● What the task asks
Transcribe the data exactly, stopping after the "Weiße Sauce Pizza" line.

(Dataset records)

+-------+

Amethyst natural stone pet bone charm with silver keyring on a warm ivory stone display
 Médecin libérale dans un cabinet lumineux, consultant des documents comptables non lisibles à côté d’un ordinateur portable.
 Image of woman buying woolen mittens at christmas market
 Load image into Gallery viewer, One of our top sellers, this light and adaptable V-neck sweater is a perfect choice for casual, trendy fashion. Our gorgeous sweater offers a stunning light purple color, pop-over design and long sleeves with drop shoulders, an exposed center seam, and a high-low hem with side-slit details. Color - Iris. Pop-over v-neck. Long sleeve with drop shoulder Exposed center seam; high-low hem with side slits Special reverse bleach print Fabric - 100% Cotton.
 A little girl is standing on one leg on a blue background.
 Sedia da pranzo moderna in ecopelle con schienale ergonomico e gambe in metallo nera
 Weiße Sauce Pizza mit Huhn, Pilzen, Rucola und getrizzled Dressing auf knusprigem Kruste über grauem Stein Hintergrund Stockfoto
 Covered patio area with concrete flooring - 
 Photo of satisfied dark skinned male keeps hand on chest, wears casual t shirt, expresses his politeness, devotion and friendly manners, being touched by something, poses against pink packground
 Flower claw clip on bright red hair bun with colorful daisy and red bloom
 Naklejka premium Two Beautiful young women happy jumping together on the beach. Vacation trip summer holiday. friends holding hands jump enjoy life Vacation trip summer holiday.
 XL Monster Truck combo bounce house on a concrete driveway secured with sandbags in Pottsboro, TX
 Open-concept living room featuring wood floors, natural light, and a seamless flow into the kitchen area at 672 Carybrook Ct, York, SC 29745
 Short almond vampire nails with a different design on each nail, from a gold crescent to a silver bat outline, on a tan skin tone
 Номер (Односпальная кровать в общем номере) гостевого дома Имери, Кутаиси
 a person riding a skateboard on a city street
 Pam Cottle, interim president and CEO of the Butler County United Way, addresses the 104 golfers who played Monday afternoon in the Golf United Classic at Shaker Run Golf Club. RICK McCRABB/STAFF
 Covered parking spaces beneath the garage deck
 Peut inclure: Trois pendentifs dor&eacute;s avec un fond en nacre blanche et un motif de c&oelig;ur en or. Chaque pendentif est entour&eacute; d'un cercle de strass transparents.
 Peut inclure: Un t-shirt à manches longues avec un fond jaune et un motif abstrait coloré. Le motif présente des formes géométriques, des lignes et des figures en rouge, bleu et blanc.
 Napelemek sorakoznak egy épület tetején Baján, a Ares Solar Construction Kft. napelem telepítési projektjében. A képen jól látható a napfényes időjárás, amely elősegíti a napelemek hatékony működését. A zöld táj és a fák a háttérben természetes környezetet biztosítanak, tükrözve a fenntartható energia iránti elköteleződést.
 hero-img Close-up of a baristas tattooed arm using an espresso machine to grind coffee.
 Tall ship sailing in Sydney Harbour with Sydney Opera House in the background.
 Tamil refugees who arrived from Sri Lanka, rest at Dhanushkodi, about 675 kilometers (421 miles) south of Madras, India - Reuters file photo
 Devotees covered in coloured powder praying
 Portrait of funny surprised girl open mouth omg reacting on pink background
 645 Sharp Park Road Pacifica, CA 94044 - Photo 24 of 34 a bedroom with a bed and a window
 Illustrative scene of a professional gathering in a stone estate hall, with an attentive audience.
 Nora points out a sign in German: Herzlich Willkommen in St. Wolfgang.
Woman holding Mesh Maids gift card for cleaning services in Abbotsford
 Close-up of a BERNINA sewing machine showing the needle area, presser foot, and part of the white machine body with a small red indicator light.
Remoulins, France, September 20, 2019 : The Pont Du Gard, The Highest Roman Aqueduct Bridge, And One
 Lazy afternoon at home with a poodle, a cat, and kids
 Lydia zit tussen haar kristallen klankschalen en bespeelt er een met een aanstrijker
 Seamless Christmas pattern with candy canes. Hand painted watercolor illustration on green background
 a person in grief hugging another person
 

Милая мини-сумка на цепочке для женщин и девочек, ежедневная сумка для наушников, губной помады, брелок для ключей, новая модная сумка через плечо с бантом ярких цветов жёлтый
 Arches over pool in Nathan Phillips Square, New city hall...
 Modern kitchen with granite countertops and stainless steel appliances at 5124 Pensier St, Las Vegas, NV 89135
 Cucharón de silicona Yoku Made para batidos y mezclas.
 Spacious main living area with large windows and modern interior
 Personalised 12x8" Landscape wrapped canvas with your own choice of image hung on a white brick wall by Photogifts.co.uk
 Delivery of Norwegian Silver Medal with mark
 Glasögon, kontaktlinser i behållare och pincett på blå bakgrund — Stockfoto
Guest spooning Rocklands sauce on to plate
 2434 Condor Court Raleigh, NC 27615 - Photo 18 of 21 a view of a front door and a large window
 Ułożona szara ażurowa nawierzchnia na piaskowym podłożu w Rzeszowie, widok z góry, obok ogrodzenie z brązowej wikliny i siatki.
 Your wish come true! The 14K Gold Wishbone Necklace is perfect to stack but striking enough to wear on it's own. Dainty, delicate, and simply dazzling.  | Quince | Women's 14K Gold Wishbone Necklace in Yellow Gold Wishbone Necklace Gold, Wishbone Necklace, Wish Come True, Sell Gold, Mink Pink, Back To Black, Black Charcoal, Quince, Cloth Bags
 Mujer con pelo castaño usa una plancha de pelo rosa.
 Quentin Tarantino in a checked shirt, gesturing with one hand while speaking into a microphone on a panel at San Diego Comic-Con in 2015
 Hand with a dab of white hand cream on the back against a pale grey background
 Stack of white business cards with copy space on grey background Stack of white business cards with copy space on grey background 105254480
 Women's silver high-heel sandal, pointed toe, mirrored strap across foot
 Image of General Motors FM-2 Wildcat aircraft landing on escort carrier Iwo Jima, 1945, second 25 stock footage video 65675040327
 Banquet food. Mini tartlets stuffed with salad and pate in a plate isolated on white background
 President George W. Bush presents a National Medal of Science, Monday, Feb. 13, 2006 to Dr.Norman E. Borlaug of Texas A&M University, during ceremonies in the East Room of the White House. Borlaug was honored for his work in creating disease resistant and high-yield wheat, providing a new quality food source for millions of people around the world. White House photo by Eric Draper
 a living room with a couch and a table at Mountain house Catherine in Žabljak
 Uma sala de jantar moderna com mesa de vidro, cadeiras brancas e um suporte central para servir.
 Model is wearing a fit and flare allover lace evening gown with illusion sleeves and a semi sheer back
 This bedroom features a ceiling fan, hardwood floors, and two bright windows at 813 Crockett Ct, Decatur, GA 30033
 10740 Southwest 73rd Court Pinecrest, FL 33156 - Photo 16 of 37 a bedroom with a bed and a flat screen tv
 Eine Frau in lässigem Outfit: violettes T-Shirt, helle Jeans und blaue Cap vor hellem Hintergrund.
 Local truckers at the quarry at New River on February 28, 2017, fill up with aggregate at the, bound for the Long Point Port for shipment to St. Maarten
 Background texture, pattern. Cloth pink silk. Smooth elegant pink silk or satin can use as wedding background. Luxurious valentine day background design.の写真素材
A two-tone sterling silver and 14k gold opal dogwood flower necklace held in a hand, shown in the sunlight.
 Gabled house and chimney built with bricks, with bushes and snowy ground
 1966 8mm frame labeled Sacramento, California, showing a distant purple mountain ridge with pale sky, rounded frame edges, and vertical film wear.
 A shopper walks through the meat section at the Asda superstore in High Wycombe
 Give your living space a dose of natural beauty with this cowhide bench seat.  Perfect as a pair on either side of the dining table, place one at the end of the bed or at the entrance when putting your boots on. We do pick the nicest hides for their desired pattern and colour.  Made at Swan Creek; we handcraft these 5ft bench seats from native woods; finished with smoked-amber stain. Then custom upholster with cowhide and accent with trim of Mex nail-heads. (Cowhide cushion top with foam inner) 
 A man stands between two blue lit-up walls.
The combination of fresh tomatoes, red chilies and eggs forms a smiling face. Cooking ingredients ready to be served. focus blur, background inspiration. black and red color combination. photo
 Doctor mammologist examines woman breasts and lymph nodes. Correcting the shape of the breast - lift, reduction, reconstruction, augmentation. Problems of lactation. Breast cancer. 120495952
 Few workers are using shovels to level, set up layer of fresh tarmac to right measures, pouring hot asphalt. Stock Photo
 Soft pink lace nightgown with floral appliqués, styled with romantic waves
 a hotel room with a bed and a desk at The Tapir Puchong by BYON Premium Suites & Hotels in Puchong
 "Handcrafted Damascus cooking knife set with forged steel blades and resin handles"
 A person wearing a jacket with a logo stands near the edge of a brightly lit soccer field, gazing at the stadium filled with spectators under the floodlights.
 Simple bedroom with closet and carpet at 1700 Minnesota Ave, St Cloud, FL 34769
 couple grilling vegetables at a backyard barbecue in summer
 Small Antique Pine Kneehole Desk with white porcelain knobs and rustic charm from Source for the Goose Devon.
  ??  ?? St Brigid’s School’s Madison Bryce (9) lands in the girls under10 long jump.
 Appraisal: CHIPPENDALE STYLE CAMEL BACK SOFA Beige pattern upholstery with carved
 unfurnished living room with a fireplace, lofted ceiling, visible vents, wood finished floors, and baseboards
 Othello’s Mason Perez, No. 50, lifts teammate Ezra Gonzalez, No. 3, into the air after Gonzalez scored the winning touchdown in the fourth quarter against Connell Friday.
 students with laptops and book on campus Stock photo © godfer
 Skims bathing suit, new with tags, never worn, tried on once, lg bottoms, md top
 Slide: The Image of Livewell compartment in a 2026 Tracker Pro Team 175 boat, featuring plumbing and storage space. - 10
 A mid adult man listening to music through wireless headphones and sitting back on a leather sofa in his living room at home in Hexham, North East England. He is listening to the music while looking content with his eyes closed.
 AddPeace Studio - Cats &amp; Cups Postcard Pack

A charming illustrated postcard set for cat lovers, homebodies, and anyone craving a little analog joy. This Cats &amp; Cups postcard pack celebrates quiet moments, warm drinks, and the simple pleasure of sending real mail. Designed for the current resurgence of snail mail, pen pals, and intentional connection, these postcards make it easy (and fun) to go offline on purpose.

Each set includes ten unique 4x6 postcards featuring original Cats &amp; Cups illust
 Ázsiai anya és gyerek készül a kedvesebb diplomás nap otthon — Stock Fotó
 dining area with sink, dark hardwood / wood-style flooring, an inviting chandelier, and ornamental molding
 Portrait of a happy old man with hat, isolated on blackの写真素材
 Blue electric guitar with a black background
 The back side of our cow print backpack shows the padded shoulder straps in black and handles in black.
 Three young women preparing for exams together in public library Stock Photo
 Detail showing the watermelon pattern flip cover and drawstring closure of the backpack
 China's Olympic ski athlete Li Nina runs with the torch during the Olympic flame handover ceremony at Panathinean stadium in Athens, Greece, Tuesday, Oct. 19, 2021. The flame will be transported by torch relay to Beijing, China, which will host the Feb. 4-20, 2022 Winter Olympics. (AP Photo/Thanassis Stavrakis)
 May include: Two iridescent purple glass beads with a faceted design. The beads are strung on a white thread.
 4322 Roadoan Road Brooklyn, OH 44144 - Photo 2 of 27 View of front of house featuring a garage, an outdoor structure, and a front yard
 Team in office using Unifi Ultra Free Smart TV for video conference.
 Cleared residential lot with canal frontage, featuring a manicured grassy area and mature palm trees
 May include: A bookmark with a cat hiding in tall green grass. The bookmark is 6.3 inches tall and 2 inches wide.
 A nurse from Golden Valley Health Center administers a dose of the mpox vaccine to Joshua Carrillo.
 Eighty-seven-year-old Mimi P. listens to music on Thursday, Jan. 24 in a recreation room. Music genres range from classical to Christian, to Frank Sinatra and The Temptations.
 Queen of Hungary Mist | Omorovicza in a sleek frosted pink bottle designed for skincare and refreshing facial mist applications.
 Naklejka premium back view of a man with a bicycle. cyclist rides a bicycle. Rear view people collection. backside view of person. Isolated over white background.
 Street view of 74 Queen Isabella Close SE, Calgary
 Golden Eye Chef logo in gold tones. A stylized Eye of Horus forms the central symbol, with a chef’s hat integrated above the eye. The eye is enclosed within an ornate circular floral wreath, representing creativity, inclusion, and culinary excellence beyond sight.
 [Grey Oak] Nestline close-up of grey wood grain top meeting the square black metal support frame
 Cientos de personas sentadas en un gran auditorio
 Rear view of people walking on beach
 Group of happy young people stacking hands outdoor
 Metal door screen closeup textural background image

+-------+

● Answer section
Amethyst natural stone pet bone charm with silver keyring on a warm ivory stone display
 Médecin libérale dans un cabinet lumineux, consultant des documents comptables non lisibles à côté d’un ordinateur portable.
 Image of woman buying woolen mittens at christmas market
 Load image into Gallery viewer, One of our top sellers, this light and adaptable V-neck sweater is a perfect choice for casual, trendy fashion. Our gorgeous sweater offers a stunning light purple color, pop-over design and long sleeves with drop shoulders, an exposed center seam, and a high-low hem with side-slit details. Color - Iris. Pop-over v-neck. Long sleeve with drop shoulder Exposed center seam; high-low hem with side slits Special reverse bleach print Fabric - 100% Cotton.
 A little girl is standing on one leg on a blue background.
 Sedia da pranzo moderna in ecopelle con schienale ergonomico e gambe in metallo nera
 Weiße Sauce Pizza mit Huhn, Pilzen, Rucola und getrizzled Dressing auf knusprigem Kruste über grauem Stein Hintergrund Stockfoto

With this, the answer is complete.